Convert a Bmad lattice file to a Cheetah Segment.

NOTE: This function was designed at the example of the LCLS lattice. While this

lattice is extensive, this function might not properly convert all features of a Bmad lattice. If you find that this function does not work for your lattice, please open an issue on GitHub.

Parameters:
  • bmad_lattice_file_path – Path to the Bmad lattice file.

  • environment_variables – Dictionary of environment variables to use when parsing the lattice file.

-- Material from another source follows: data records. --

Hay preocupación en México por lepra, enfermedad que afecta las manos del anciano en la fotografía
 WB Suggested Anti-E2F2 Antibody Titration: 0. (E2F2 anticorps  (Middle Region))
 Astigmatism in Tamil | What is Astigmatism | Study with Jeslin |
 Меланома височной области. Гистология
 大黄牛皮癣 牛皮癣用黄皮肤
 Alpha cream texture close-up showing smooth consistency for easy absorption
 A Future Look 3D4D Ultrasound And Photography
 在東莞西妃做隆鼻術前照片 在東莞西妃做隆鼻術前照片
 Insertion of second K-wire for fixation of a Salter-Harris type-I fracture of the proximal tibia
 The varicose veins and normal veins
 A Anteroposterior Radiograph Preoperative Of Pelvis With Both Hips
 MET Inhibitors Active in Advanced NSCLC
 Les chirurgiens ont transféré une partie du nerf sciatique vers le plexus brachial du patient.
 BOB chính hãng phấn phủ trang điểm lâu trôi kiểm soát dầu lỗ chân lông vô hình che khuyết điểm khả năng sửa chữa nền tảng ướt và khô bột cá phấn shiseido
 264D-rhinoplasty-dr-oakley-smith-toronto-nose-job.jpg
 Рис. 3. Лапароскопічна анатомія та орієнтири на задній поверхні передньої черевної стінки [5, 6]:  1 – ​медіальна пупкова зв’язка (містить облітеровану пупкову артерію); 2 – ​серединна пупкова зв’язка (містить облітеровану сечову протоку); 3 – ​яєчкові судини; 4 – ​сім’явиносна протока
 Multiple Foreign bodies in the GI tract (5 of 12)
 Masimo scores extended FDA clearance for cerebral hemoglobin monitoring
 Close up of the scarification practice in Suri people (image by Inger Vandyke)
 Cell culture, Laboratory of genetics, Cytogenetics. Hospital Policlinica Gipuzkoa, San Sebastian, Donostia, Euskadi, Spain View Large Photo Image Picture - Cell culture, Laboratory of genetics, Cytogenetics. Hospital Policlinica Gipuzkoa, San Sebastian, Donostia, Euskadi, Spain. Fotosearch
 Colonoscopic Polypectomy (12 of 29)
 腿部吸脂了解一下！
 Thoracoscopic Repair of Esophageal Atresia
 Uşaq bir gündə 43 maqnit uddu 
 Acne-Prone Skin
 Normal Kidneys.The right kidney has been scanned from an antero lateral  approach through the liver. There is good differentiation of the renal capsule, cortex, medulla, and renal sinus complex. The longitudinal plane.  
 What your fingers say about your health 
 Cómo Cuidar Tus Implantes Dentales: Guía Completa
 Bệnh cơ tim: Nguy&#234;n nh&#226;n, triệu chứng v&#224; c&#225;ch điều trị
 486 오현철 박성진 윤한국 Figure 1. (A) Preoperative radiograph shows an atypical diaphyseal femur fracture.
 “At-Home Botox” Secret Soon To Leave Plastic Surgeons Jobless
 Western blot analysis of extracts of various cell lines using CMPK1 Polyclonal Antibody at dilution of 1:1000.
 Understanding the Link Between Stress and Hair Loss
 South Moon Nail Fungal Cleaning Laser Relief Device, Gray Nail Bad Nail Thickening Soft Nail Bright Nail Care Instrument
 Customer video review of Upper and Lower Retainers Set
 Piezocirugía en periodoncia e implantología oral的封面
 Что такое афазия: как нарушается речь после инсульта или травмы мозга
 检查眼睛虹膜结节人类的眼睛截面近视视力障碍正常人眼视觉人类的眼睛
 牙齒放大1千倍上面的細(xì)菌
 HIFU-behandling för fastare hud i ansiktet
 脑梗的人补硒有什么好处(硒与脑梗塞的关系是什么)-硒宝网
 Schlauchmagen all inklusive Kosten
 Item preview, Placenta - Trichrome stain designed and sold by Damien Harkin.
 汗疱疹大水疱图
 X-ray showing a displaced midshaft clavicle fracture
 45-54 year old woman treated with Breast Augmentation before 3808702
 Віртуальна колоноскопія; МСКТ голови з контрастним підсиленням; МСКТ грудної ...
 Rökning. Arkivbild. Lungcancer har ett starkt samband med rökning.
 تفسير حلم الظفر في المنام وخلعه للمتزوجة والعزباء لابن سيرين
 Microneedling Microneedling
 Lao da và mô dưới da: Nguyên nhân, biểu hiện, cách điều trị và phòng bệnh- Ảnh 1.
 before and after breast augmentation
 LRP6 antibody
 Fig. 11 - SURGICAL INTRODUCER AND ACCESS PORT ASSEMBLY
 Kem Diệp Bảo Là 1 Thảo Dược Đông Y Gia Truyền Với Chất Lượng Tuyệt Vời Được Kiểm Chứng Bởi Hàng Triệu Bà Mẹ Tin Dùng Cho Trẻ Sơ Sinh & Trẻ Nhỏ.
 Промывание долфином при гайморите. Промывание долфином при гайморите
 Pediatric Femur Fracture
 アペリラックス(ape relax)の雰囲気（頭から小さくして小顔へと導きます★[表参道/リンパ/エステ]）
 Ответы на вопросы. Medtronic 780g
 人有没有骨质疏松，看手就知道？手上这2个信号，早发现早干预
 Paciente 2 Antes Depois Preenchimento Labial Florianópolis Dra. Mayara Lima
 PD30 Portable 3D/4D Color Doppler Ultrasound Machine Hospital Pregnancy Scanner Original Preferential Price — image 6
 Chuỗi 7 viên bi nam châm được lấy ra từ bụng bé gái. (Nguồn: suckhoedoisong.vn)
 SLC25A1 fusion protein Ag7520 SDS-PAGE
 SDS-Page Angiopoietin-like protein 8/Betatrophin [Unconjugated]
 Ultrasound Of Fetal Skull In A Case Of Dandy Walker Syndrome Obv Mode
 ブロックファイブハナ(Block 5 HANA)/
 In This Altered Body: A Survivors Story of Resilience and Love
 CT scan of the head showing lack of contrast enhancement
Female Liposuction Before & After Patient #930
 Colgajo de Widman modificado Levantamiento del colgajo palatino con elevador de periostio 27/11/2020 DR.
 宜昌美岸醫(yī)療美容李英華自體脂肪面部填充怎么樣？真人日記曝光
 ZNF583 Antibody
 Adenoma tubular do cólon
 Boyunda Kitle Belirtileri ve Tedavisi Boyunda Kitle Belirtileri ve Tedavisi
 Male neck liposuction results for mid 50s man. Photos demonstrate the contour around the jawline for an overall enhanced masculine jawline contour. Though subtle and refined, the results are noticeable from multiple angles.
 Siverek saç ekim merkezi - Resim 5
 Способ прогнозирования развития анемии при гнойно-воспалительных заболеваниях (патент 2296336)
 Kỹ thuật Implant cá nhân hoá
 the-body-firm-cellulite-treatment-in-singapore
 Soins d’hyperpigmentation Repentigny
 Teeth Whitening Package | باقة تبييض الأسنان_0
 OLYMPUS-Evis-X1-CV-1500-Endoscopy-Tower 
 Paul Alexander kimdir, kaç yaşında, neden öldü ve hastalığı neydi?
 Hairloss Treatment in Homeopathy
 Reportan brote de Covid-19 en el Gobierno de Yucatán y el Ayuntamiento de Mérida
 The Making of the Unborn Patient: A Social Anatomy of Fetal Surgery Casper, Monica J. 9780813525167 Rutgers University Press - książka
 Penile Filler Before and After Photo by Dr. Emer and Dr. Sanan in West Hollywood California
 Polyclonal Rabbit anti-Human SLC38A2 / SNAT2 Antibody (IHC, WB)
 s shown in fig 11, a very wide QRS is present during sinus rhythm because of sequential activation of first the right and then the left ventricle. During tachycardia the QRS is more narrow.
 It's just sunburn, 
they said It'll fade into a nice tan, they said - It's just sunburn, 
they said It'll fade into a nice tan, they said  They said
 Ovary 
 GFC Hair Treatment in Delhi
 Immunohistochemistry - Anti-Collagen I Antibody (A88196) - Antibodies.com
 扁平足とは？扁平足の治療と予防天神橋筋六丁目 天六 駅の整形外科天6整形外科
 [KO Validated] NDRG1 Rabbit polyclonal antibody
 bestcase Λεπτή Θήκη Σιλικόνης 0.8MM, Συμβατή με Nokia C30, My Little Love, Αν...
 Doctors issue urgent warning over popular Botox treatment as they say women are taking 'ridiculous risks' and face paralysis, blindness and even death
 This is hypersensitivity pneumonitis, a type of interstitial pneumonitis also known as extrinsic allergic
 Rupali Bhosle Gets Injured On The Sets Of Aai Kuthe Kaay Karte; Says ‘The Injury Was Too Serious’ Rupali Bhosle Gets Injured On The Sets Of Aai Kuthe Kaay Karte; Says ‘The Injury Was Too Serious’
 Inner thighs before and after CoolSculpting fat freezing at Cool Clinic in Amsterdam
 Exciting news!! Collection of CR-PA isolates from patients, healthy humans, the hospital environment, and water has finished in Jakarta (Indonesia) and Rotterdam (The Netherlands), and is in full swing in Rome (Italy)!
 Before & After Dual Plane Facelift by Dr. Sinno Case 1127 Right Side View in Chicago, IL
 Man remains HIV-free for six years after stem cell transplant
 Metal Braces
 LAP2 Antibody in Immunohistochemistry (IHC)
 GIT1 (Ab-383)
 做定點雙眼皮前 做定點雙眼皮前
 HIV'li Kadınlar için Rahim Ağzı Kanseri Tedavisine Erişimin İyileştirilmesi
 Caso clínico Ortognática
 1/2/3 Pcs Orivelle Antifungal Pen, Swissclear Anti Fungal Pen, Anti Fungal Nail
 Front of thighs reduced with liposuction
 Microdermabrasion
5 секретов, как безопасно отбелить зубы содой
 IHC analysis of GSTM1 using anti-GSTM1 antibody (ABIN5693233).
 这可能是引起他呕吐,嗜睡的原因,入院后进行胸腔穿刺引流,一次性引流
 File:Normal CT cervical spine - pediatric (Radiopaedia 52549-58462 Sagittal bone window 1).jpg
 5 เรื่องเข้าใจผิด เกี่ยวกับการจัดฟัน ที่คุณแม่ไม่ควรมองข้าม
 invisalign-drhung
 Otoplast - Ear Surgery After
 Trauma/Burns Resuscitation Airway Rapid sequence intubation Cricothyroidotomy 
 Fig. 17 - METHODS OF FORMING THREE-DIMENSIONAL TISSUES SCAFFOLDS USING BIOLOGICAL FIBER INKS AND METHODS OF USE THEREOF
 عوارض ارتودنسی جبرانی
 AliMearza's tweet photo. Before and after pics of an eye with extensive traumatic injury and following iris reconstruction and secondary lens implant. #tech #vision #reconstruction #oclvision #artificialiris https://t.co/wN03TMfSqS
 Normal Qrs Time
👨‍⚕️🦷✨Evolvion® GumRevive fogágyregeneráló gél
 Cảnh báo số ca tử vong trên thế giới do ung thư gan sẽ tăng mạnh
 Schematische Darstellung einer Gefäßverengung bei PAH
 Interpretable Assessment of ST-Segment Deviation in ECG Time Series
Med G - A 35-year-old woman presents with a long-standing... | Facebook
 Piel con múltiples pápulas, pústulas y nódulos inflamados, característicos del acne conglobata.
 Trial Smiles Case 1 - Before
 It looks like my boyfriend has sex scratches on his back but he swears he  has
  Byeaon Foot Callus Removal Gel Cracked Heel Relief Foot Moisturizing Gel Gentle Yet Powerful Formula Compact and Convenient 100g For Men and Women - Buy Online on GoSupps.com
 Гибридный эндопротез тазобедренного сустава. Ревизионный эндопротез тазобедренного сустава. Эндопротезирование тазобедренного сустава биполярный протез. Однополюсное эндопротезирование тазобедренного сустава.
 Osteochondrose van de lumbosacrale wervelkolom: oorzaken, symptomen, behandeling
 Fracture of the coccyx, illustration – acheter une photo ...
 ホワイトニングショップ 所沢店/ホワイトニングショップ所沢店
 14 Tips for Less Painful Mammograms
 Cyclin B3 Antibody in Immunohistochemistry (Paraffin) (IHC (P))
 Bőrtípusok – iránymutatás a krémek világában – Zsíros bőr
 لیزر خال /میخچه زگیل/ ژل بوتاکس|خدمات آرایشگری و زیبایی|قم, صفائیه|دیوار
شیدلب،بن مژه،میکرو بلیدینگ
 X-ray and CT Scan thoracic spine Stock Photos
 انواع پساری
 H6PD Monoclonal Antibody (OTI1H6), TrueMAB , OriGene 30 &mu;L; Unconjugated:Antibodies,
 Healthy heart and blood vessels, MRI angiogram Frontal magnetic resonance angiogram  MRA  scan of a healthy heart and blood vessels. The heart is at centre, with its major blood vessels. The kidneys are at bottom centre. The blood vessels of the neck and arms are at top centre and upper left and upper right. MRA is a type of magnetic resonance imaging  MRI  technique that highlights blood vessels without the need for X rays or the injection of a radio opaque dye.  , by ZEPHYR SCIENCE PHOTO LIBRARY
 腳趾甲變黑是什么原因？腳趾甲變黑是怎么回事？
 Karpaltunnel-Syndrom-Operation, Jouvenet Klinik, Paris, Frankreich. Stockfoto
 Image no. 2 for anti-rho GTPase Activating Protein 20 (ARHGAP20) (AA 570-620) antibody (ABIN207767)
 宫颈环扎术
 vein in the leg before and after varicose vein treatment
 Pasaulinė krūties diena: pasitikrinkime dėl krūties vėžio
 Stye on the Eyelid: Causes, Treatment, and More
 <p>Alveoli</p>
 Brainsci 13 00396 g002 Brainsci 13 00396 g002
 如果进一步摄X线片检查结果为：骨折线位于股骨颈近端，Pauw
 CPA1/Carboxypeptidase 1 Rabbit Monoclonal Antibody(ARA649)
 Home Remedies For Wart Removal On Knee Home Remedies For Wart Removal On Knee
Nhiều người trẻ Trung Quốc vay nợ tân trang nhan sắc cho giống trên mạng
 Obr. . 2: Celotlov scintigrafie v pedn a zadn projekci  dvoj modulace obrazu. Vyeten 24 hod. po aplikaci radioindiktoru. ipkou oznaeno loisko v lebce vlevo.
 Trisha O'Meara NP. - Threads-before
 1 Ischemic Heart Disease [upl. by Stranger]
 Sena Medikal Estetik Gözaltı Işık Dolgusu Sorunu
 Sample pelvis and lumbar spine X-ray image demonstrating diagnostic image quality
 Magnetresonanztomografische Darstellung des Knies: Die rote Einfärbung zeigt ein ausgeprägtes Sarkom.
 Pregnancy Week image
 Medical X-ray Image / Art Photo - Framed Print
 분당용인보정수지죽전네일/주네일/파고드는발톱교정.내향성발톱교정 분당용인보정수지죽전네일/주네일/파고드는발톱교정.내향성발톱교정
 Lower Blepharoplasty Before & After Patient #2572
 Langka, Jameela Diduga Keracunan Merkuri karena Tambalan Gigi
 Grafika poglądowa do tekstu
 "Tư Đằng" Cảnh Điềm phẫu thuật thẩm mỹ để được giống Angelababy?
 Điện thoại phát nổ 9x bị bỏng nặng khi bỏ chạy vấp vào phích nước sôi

  • sanitize_names – Whether to sanitise the names of the elements to be valid Python variable names. This is needed if you want to use the segment.element_name syntax to access the element in a segment.

  • device – Device to use for the lattice. If None, the current default device of PyTorch is used.

  • dtype – Data type to use for the lattice. If None, the current default dtype of PyTorch is used.

Returns:

Cheetah Segment representing the Bmad lattice.

converters.elegant.convert_beam(file_path: Path, device: device | None = None, dtype: dtype | None = None) tuple[Tensor, Tensor, Tensor]

Read the beam distribution from an Elegant SDDS file.

Parameters:
  • file_path – Path to the SDDS file from which to load the Elegant beam.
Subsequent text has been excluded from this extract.